THE PROBLEM »
All of the entries should be restated word for word, but without their pictures.

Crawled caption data
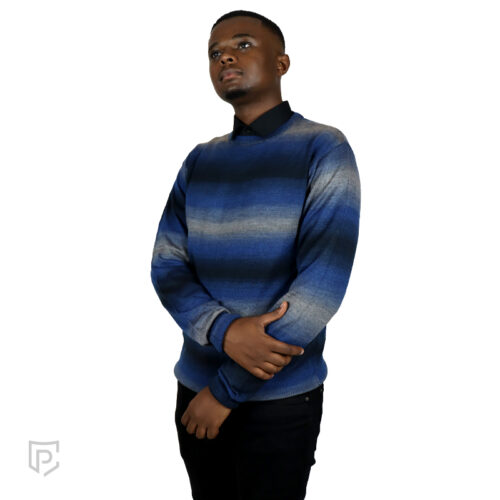 Men's Crew Jersey Smoke Blue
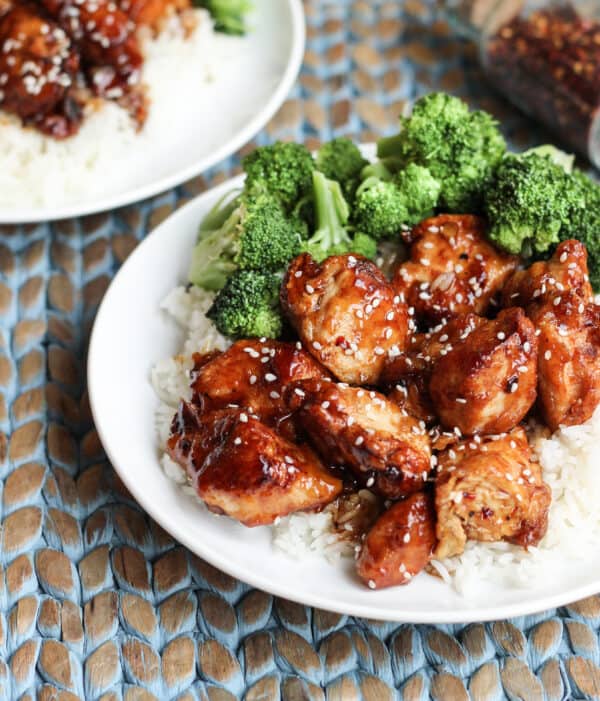 Easy Asian Sesame Chicken Recipe - Shugary Sweets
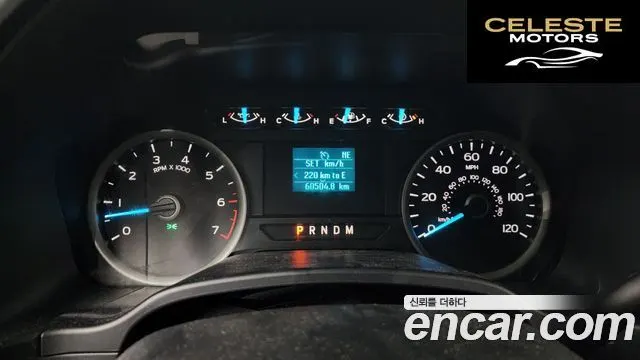 FORD F150 3.5L 2018 — photo 8 sur 20
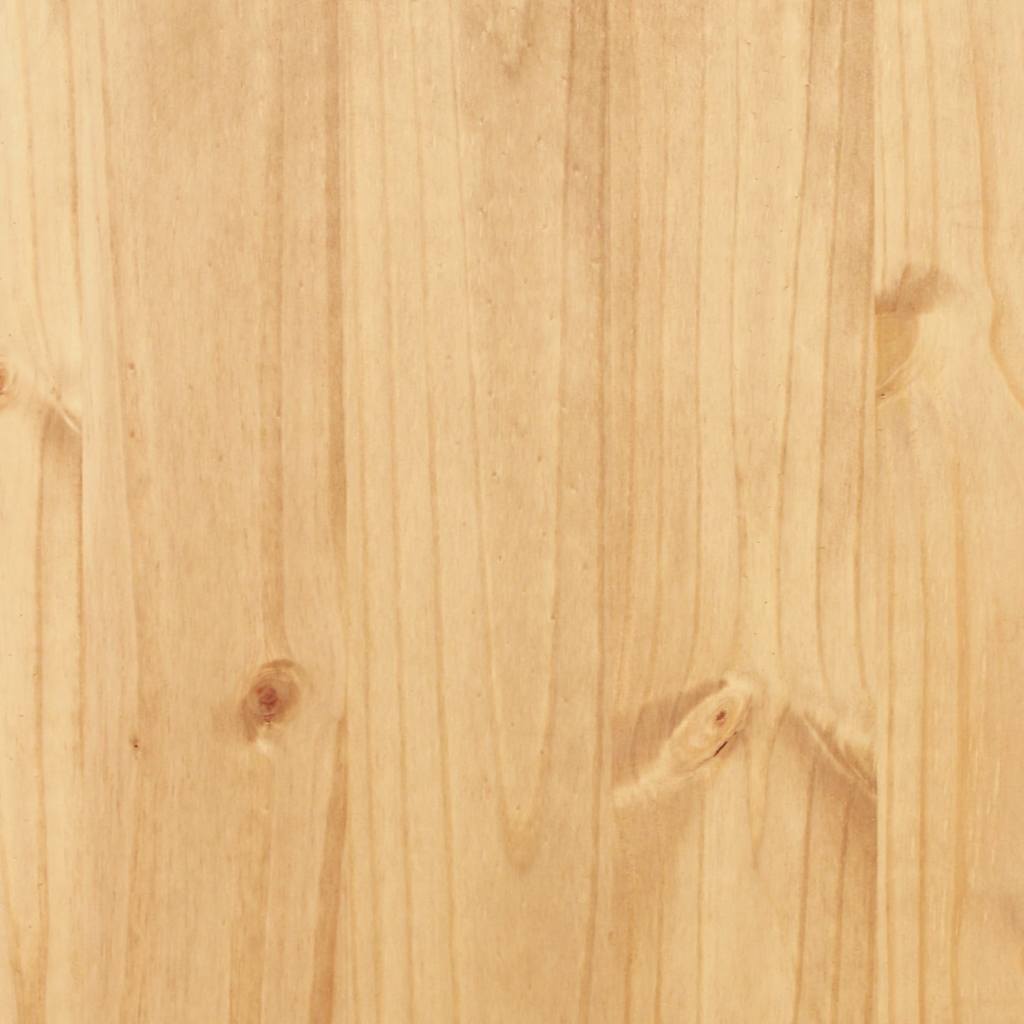 Biblioteka od borovine meksički asortiman Corona 80x40x170 cm
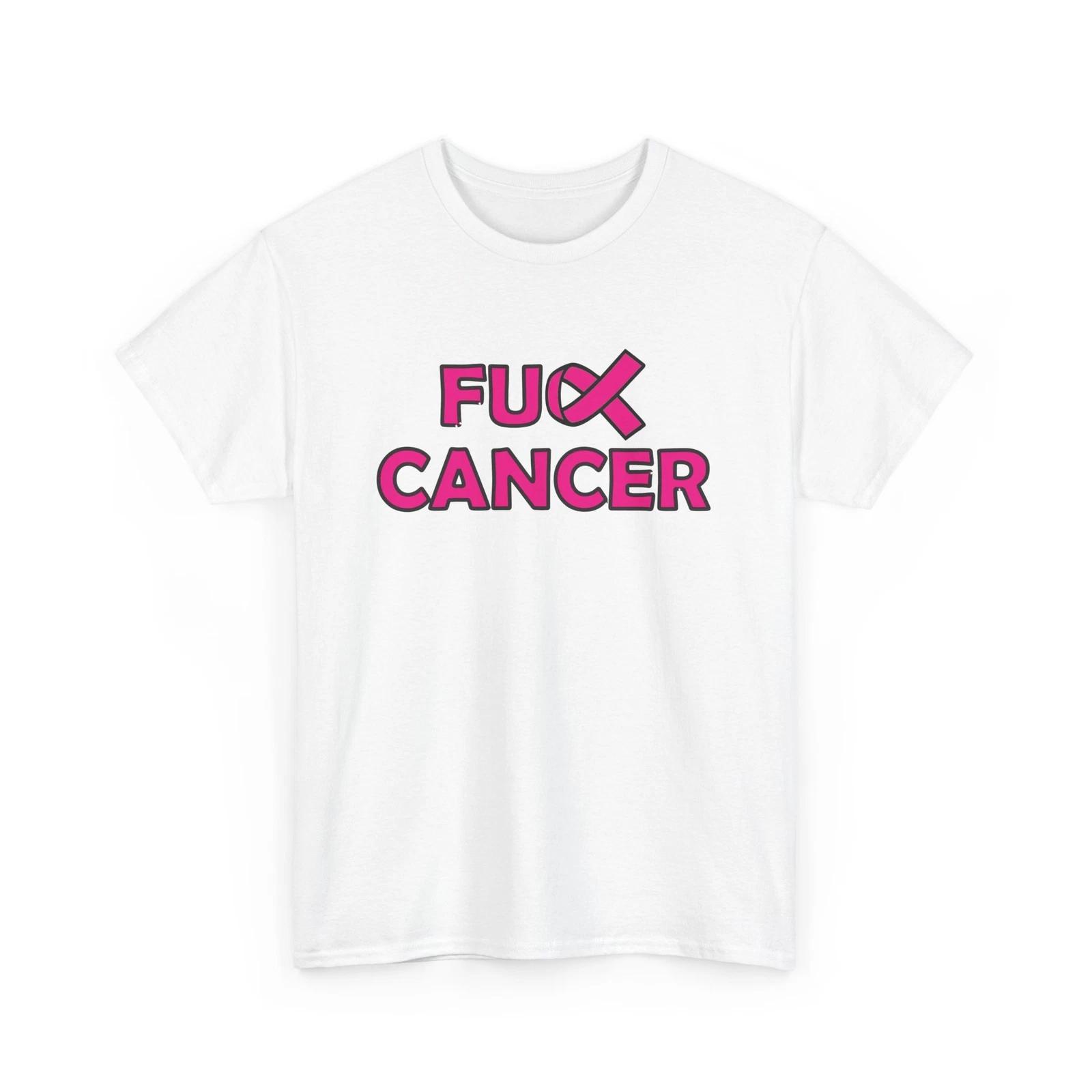 F**k Cancer - Positive Graphic Gildan Cotton Tee 4XL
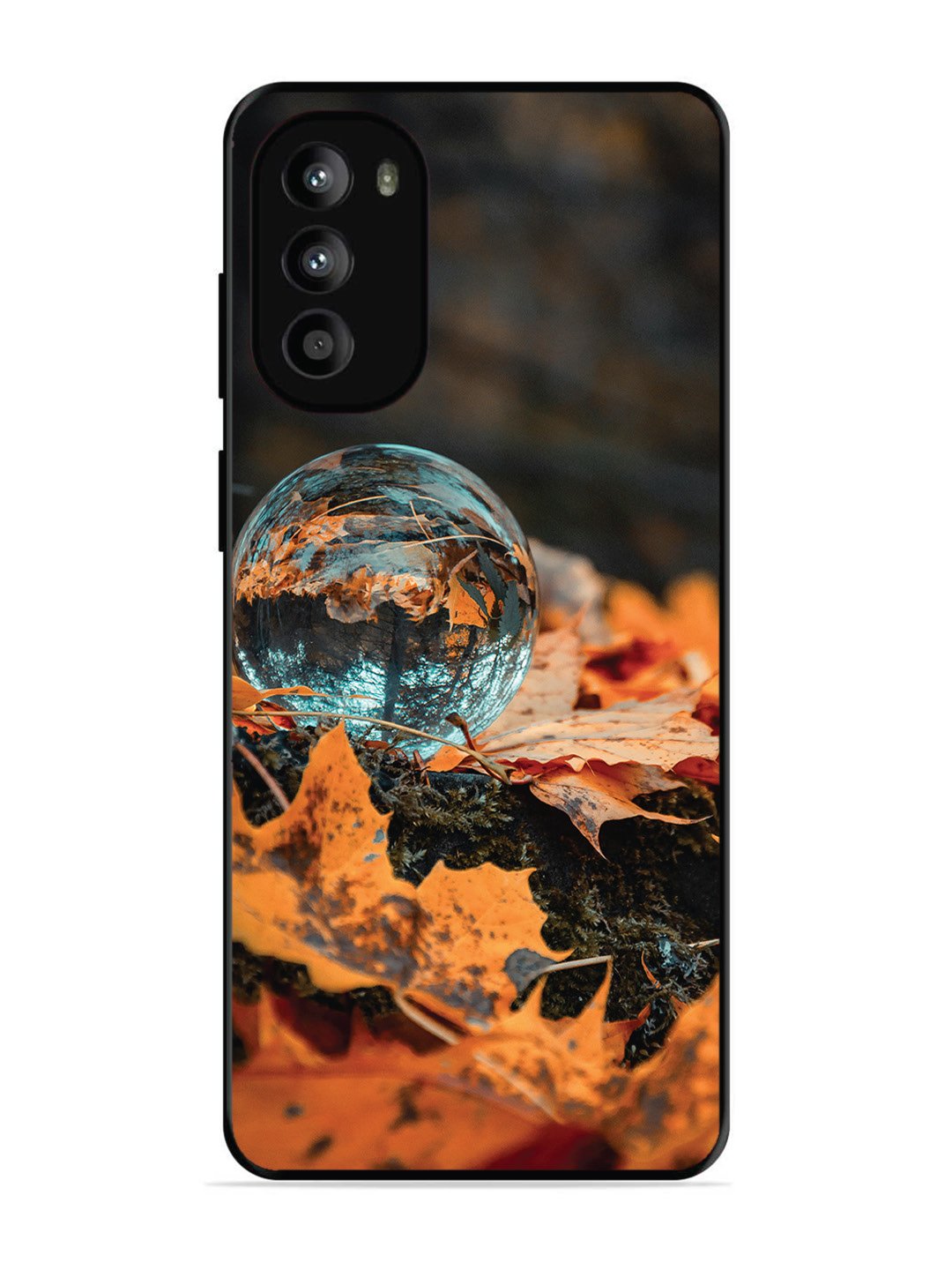 Motorola Moto G82 Glass Ball On Gaurden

EXPECTED ANSWER »
 Men's Crew Jersey Smoke Blue
 Easy Asian Sesame Chicken Recipe - Shugary Sweets
 FORD F150 3.5L 2018 — photo 8 sur 20
 Biblioteka od borovine meksički asortiman Corona 80x40x170 cm
 F**k Cancer - Positive Graphic Gildan Cotton Tee 4XL
 Motorola Moto G82 Glass Ball On Gaurden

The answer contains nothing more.